CITIZENS   FOR  LIMITED  TAXATION  &  GOVERNMENT
and the
Citizens Economic Research Foundation

 

Barbara's Column
March 2002 #1

Mitt is just the ticket
for Bay State and its Grand Old Party

by Barbara Anderson


The Salem Evening News
Monday, March 4, 2002

So there I was, in what Anne of Green Gables would call "the depths of despair."

Governor Jane Swift had refused to commute the sentence of Gerald Amirault, and it was suddenly clear that she's electoral toast. On the other hand, I could not imagine how the commonwealth is going to survive "all Democrats all the time" for the next four years.

Unable to face the day, I put a tape of my grandchildren in the VCR to cheer me up. But before I hit the play button, there he was: Mitt Romney, organizer of the Olympic Games, being interviewed from Salt Lake City about how well things were going there.

"Glad things are going well somewhere," I muttered gloomily. But then I realized: This was the first weekday morning that I had turned on the television since my son watched cartoons, sometime in the early '70s. So this must be a sign!

Of course, it wasn't a totally unexpected sign.

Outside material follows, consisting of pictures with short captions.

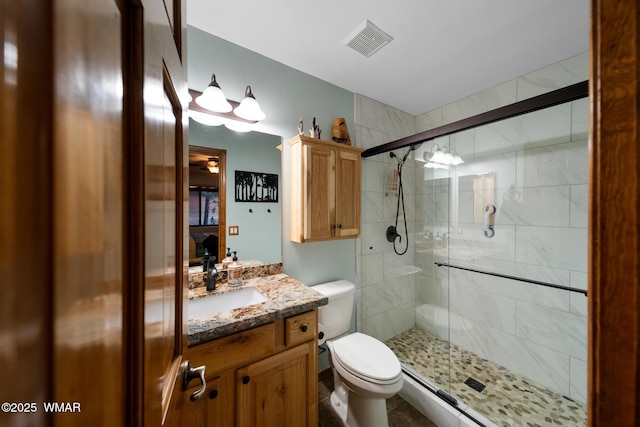 full bath with visible vents, toilet, a shower stall, and vanity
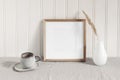 Square empty wooden frame mockup with modern ceramic vase, dry grass, cup of coffee on table. White beadboard wainscot Royalty Free Stock Photo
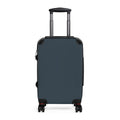 A dark slate blue hard-shell suitcase with an extended telescoping handle and four spinner wheels, shown from a front-facing angle on a solid white background.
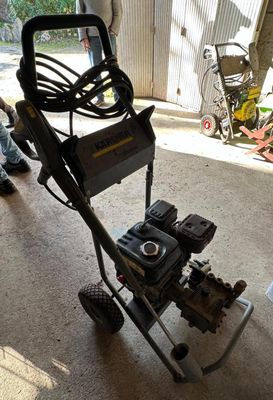 a man standing next to a machine in a garage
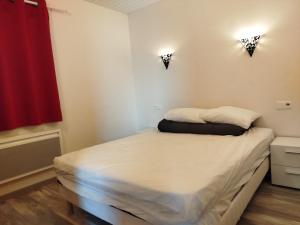 a bed in a room with two lights on the wall at Appart'Hôtel Les ACACIAS courte et longue durée in Bischoffsheim +2 photos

I'd called Mitt's office in Utah the day before and left a message on his answering machine: "This is Barbara Anderson, know you're busy, when you're free please come home and run for governor."

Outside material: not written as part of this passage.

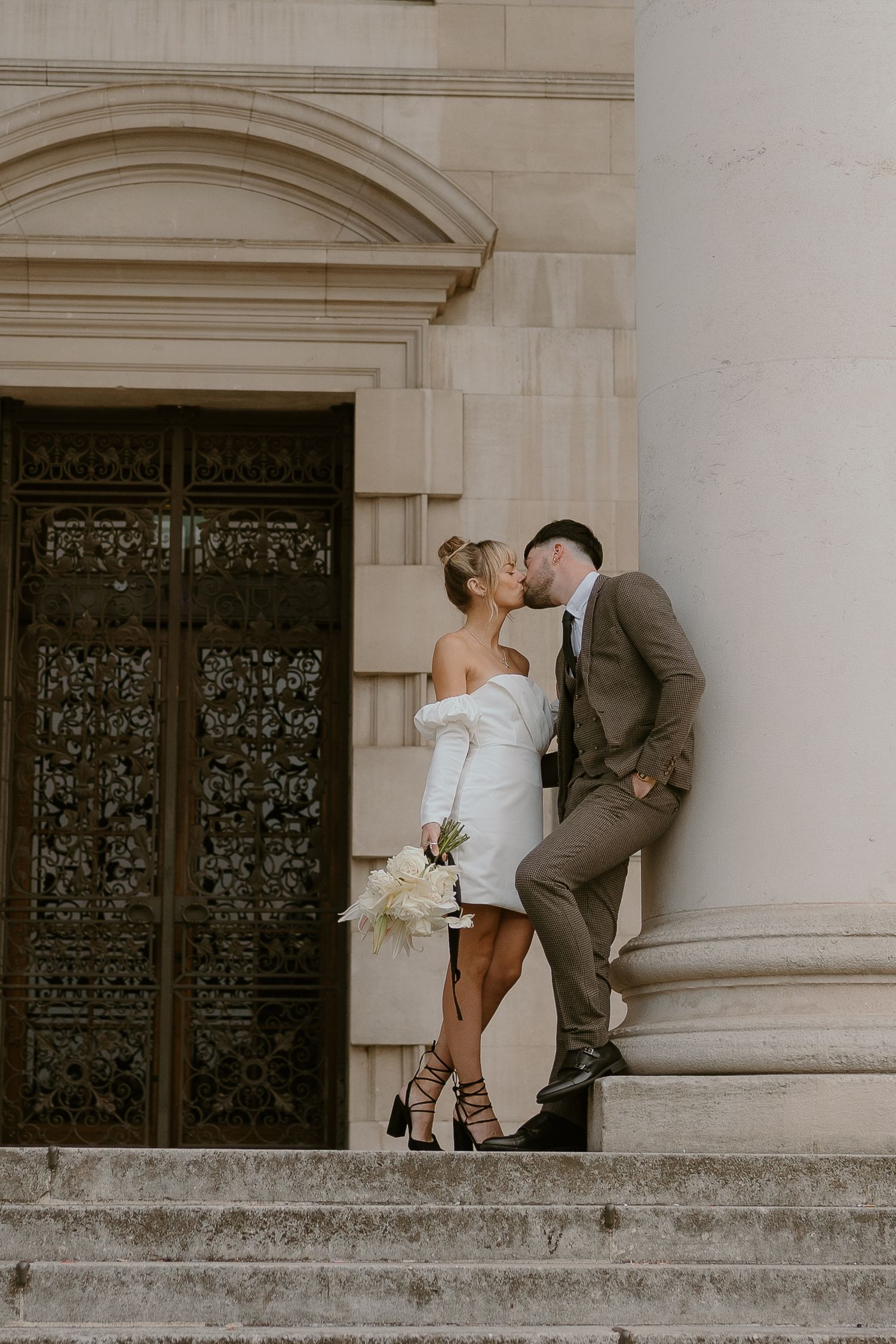 Couple shares a romantic moment on stone steps in front of ornate wooden doors, bride in short dress and groom in gray suit.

As it turns out, I wasn't the only one calling. Apparently there has been wistful thinking about Romney in Republican, Independent, and business circles, but no one was saying anything publicly. When the Amirault decision was announced, I said out loud what many people had been thinking: Jane Swift is too politically tone-deaf and damaged to win.

They contacted us by phone and e-mail to express their outrage over the Amirault decision. Taxpayer activists who are also delegates to the Republican convention swore to sit on their hands rather than vote for Swift. But silent protest is not the nature of an activist and there was an eagerness to do something productive.

One leader, David Wilson, whose Plymouth County Republican Club ran and actually won legislative campaigns during the ‘80s and early ‘90s, told me he is hearing a renewal of purpose among people who had been in the depths of political despair themselves. All over Massachusetts, friends are calling friends. A website is being created and will soon be accessible through the website at the end of this column.

But since silent protest is not the nature of an activist, all were ready to look at a new candidate, and there was Mitt Romney and his Olympic achievement. It had been on everyone's TV set for two weeks.

Massachusetts has scandal, a deficit, and new security concerns. The Olympics had scandal, a deficit and major international security concerns. Mitt Romney was chosen chairman because of his well-known integrity; he erased the deficit, he kept the athletes and bystanders safe. Is this a perfect match, or what?

As one political wag told me, "Can you imagine Jane, Shannon O'Brien, Tom Birmingham, etc. running the Winter Olympics? Romney had to buy his own family's tickets to the Games, others would have had every family member employed by the Games."

Yes, and when the games were over, they'd have been given an early pension, and the new Olympic debt would be carried forward to Greece and Rome. The torch-bearers would be paying tolls from the Acropolis to the Catacombs.

Immediately after the closing ceremonies, Mitt was back on television, expressing his interest in coming back here for a political campaign; though not, he joked, against Ted Kennedy again.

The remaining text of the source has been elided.